Bebió el café en dos o tres sorbos y se puso de pie.
— ¿Sucede algo? — inquirió el Duque, preocupado, pues, aunque había respetado el incómodo silencio de ella, no le había quitado la mirada de encima, atento a cada uno de sus gestos y movimientos.
— Si pienso con mi cabeza en frío, la verdad es que no sucede nada malo… Pero… Me ha dolido perder a Charles. — admitió con absoluta franqueza. Ahora era su turno de devolverle una mirada de preocupación. Acarició el rostro de Emerick y besó su frente, pero no volvió a sentarse — Tranquilo; todo está bien.

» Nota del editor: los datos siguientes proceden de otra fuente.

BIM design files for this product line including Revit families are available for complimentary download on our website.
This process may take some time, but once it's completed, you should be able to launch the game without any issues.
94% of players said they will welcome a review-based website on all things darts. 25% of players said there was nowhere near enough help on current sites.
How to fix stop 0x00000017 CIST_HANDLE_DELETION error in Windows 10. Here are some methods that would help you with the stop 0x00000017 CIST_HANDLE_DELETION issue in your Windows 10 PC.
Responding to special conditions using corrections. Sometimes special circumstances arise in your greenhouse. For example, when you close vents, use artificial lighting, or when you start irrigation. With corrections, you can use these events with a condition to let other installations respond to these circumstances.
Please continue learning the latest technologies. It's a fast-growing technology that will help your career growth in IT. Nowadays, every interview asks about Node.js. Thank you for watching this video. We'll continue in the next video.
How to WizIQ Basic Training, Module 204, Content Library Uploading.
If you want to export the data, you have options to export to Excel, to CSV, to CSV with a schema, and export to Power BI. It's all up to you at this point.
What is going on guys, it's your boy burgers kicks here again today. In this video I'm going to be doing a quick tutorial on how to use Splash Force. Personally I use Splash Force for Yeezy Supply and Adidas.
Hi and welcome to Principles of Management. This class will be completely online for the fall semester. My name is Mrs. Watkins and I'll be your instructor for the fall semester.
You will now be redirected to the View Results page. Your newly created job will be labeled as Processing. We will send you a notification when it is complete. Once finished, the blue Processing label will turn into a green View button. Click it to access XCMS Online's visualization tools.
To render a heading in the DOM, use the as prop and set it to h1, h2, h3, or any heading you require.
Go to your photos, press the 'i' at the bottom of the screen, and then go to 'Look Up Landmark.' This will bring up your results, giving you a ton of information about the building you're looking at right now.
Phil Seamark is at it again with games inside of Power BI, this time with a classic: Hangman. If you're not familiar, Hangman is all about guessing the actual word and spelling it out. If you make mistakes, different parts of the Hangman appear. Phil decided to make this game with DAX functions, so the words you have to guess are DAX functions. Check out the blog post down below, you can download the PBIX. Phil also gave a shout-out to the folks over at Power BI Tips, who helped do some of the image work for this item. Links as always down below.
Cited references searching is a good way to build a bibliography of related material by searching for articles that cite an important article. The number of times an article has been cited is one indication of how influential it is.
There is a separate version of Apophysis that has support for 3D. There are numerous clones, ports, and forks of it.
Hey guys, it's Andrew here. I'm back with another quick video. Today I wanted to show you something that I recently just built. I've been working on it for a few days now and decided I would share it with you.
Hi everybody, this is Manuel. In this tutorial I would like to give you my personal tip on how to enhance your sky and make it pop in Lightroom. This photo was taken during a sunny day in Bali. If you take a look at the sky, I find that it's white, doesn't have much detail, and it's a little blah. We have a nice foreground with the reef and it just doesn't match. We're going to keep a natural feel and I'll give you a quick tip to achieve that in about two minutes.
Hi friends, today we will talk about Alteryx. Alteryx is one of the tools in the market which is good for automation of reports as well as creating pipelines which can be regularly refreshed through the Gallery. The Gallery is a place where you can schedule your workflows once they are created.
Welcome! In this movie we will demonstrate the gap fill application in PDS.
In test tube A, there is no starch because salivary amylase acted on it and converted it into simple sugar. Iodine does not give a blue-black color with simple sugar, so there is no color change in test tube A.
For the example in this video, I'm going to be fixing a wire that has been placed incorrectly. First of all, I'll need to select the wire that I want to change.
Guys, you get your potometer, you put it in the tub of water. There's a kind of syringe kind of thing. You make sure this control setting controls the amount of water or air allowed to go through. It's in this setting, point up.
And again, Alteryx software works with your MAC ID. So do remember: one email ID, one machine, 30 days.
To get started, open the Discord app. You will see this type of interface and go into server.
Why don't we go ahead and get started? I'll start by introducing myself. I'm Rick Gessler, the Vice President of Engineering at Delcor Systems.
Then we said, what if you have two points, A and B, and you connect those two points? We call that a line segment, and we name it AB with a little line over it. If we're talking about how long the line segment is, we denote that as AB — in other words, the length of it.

He pensado que debiésemos evitar los carruajes y, por el contrario, marcharnos a caballo. Es más seguro que ir a pie, y menos llamativo que los carruajes. Si estás de acuerdo, iré a ver que nos ensillen dos de medio pelo y que preparen aperos para el viaje. — dijo y sólo entonces volvió a sentarse, para demostrarle al Lobo que esperaría a su parecer para levantarse de esa mesa.
Pues la Pantera era orgullosa, y mucho, pero no era tonta. Comprendía que, si quería destruir a la Inquisición desde adentro, primero tenía que dejar que Emerick la llevase de la mano, que eligiese sus destinos, que le enseñase a ser un rebelde y, cuando todo ello hubiere concluido, que la ayudase a convertirse en Inquisidora. Y, claro, ella sabía que el Boussingaut podía lograr todas esas cosas y aún más.
Pero antes, precisamente para que todo ello se concretara, Jîldael tenía que hacer la única cosa que a su personalidad gatuna no le gustaba: dejar que otro tomase las decisiones importantes. Y eso hizo.
Confió en Emerick de la misma ciega forma en que tantos años antes había confiado en el huraño Charles Noir. Sólo una cosa era diferente esta vez.
A Emerick lo seguiría hasta el final. Y si ese final era la muerte, hasta allí le seguiría.
Sin suspicacias. Sin temor. Hasta el final.